Professor predicts stable compounds of oxygen and 'inert' gas xenon
(Phys.org)—An international team led by Artem R. Oganov, PhD, a professor of theoretical crystallography in the Department of Geosciences and Department of Physics and Astronomy at Stony Brook University, has established stability of several oxides of normally inert xenon. These compounds are predicted to be stable at high pressures above 830,000 atmospheres, i.e. at pressures corresponding to the Earth's mantle and readily achievable in the laboratory. The results of their work, "Stability of xenon oxides at high pressures," were published November 11 in Nature Chemistry.
Dr. Oganov and his team used Oganov's novel method for crystal structure prediction, which allowed them to find optimal structures and compositions of new compounds at any given pressure. In this work, they applied it to finding stable xenon oxides and silicates. It has earlier been suggested that xenon oxides or silicates are formed in Earth's interior, and prevent xenon from escaping into the atmosphere – thus explaining the "missing xenon paradox", i.e. the observed order-of-magnitude depletion of xenon in the atmosphere.
"Xenon has to be stored in Earth's mantle, otherwise we would have to admit that the existing chemical models of the Earth are deficient, probably as a result of an unknown cosmochemical process that removed xenon from the Earth," said Oganov. "We have found that while xenon silicates cannot be stable at pressures of the Earth's mantle, xenon oxides do become stable at these conditions. However, these are extremely strong oxidants and cannot exist in the reducing environment of the Earth's deep mantle. Our work, however, suggest another possibility – since strong Xe-O bonds can be formed under pressure, xenon atoms can be trapped and retained by defects and grain boundaries of mantle minerals, and our simulations give suggestions for local geometries of such trapping sites."
In addition to solving an important geological puzzle, present results shed light on the still elusive chemistry of xenon. The very possibility of xenon, an inert gas, to form stable chemical compounds with fluorine and oxygen, was proposed theoretically by Pauling in 1932 and verified in 1962 in landmark experiments by Neil Bartlett. However, only xenon fluorides were found to be thermodynamically stable; xenon oxides turned out to be unstable to decomposition into xenon and oxygen, with some decomposing explosively. The work of Oganov's group for the first time finds stable xenon oxides, and concludes that high pressure is necessary for their stability.
The new structures are very rich in chemistry: with increasing pressure, increasing oxidation states of xenon are found, from +2 to +4 to +6. Predictions include some very unusual structures; for example, the P42/mnm phase of XeO3 contains linear chains of O2 molecules, which partially dissociate on increasing pressure. The authors found a very clear electronic signature of different valence states of xenon in different structures – something that could pave the way for new advances in the theory of chemical bonding. Another surprise was the unexpectedly high (50%) degree of ionicity in these semiconducting compounds.

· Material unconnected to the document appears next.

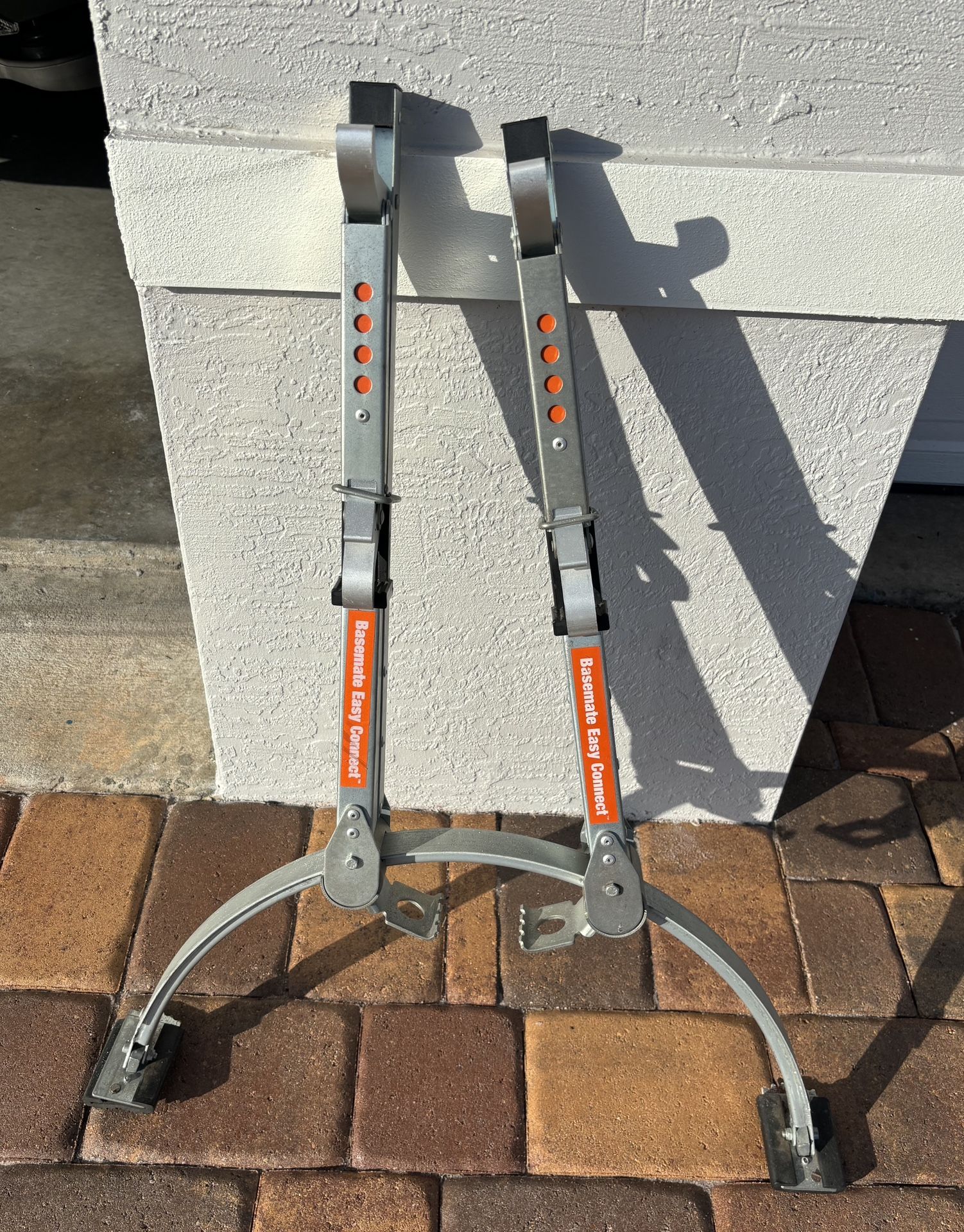 Basemate Ladder Stabilizer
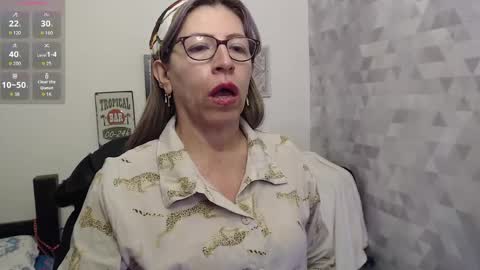 CHAYLA VICTORIA RUIZ  online show from 15, 9, 2025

"Chemical bonding appears to be simpler than expected by many," said graduate student Qiang Zhu, the lead author of this paper. "You don't need to invoke d-orbitals and exotic types of hybridization of Xe atoms. Bonding is significantly ionic; valence states differ by the number of p-electrons removed from Xe atoms, and pressure is essential for enabling such significantly ionic bonding". Pressure-induced ionization, observed in many other compounds and even pure elements, appears to soften interatomic repulsions.
"In addition to providing a likely solution to the missing xenon paradox and clarifying essential aspects of xenon chemistry, our study may result in practical applications," says Oganov. "For example, the ability of xenon to form strong chemical bonds with oxygen and other elements, and to be trapped in crystalline defects, suggests their use as non-classical luminescence centers and active sites for catalysis".